The editor of the Sun, Francis P. Church, a curmudgeonly veteran journalist of the American Civil War, came to the conclusion that there was a Santa Claus based on the notion that not only did people believe in the season of giving as St. Nick embodied but they also followed traditions and passed on folklore to such an extent that Father Christmas had taken shape in peoples minds. So much so that in effect Church said a belief that strong created its own reality.

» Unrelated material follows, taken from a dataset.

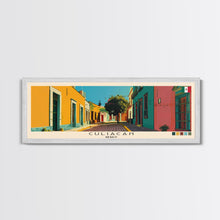 Load image into Gallery viewer, Culiacan, Mexico Panoramic Canvas Print, Culiacan, Mexico Painting, Mexico Art, Culiacan Travel Poster, Travel Art, Living Room Painting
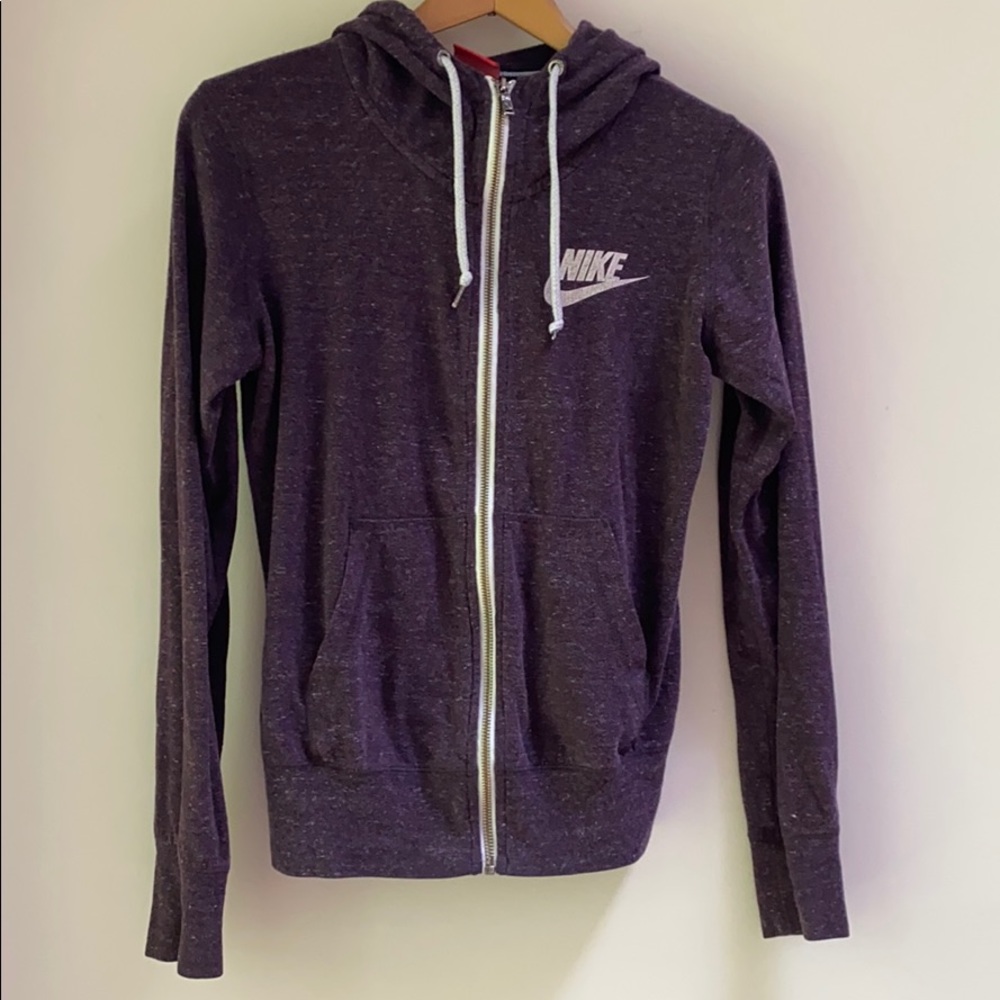 Nike lightweight zip up hoodie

But as they say, that was then this is now. In todays world, with so many reasons not to believe in a Santa, is it possible that he could still exist? People may not have been as naïve in 1897 as we might believe, but there is no doubt that the Santa of over a century ago would not have to contend with The World Wildlife Fund suing him for keeping reindeer in confinement or Workers Compensation citing him for the poor working conditions of workshop elves. Furthermore, if Santa does still exist then how has he resisted the lure of lucrative endorsement money? To be honest, even in 1897 Santa Claus had caved to the Coca Cola company but how is it Pepsi has never been able to lure him over? If Britney Spears is worth millions then how many millions more would he be worth to Pepsi Cola?
But more important than any modern intrusions on Santas existence, does the sustaining belief in him exist today? Can I reassure any modern day Virginias out there that Santa is alive and well in the minds of people and still fighting the good fight against unreformed scrooges? There is really only one way to tell; go to the people and find out what they think.
I suppose in some ways Christmas spirit could be construed as a civic matter. So I set out to try and talk with the youthful and optimistic mayor of Whistler, the newly re-elected Hugh OReilly. He managed to take a few moments out of his busy schedule to talk with me and when asked if he believed in Santa Claus (in the bigger sense of the question that is) he responded promptly in the affirmative.
"Yes I think it is almost imperative. Religious support years ago was almost peer pressure, now we only have this time of year and maybe Easter to take time to consider our friends and family and how we act towards others."